La procureure de Nantes, Brigitte Lamy, a déclaré, à des journalistes sur place, qu’on ne pouvait «pas parler d’acte terroriste» selon les premiers éléments, ajoutant qu’il n’y avait pas eu de «revendication religieuse» et que la justice «étudiait un carnet découvert à côté de la camionnette».

«C’est un acte volontaire. Ça ressemble, sous réserve de vérifications, à un acte du même genre que ce qui s’est produit à Dijon» (centre-est) dimanche soir, a ajouté la procureure.

Elle a apporté ces précisions après que des témoins cités par différents médias ont dit avoir entendu le conducteur crier «Allahou Akbar», ce que d’autres témoins interrogés ont démenti.

Connu de la police

Les faits se sont produits à 18h55 sur la place Royale, située dans la zone piétonne du centre-ville de Nantes. La place a été évacuée et le secteur a été bouclé par les forces de police.

L’homme serait connu des services de police, «pour des faits mineurs», a dit le porte-parole du ministère de l’Intérieur, sans pouvoir pour l’heure donner davantage d’informations sur les motivations de ce geste. Le ministre de l’Intérieur, Bernard Cazeneuve, devait se rendre sur place dans la soirée.

Quelques heures plus tôt, le président français François Hollande avait appelé à ne «pas céder à la panique» après deux attaques ce week-end contre des piétons et des policiers.

«Jamais nous n’avons connu un aussi grand danger en matière de terrorisme», a cependant estimé le Premier ministre Manuel Valls lundi soir. Il s’exprimait devant des policiers à Montpellier (sud), deux jours après l’attaque d’un commissariat par un jeune homme de 20 ans armé d’un couteau à Joué-les-Tours (centre-ouest) qui criait «Allah Akbar». Il a blessé trois policiers avant d’être abattu.

Condamné en Suisse

Si le mobile de l’islamisme radical semble pour lui établi selon les enquêteurs, en revanche l’automobiliste qui a dimanche délibérément blessé 13 piétons à Dijon (centre-est) souffre lui de «pathologie psychiatrique ancienne et lourde», a indiqué la procureure de Dijon, Marie-Chistine Tarrare, au cours d’une conférence de presse. Son geste «ne relève absolument pas d’un acte terroriste».

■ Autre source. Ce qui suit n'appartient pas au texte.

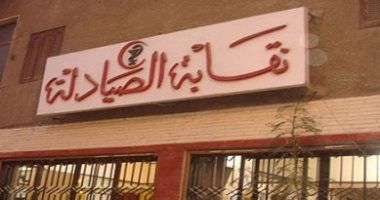 نقابة الصيادلة: فتح باب الحجز لقرعة تأشيرات رحلة الحج المجانية غداً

L’homme, un Français de 40 ans né en France de mère algérienne et de père marocain, dit avoir agi seul, ému par la souffrance des enfants palestiniens et tchétchènes, a-t-elle précisé. Cet ancien toxicomane qui a fait 157 passages en hôpital psychiatrique, souffre d’une «psychose ancienne» faite de «délire mystique».

D’après plusieurs sites de médias français, dont celui de BFM TV, la seule condamnation mentionnée sur le casier judiciaire du conducteur est une condamnation suisse. Il lui serait reproché d’avoir facilité l’entrée d’une personne en situation irrégulière sur le territoire helvétique.

Testament de l’agresseur

L’enquête sur l’attaque samedi à Joué-lès-Tours s’orientait pour l’heure vers «l’islamisme radical», l’agresseur de nationalité burundaise étant un converti à l’islam qui avait affiché sur son compte Facebook le drapeau du groupe djihadiste Etat islamique (EI).

Les perquisitions ont permis de découvrir «ce qu’on pourrait qualifier de testament religieux non daté dans lequel est évoqué le règlement des dettes, au cas où, et dans lequel Bertrand demande à Allah de lui donner la force», a indiqué lundi le procureur de Paris.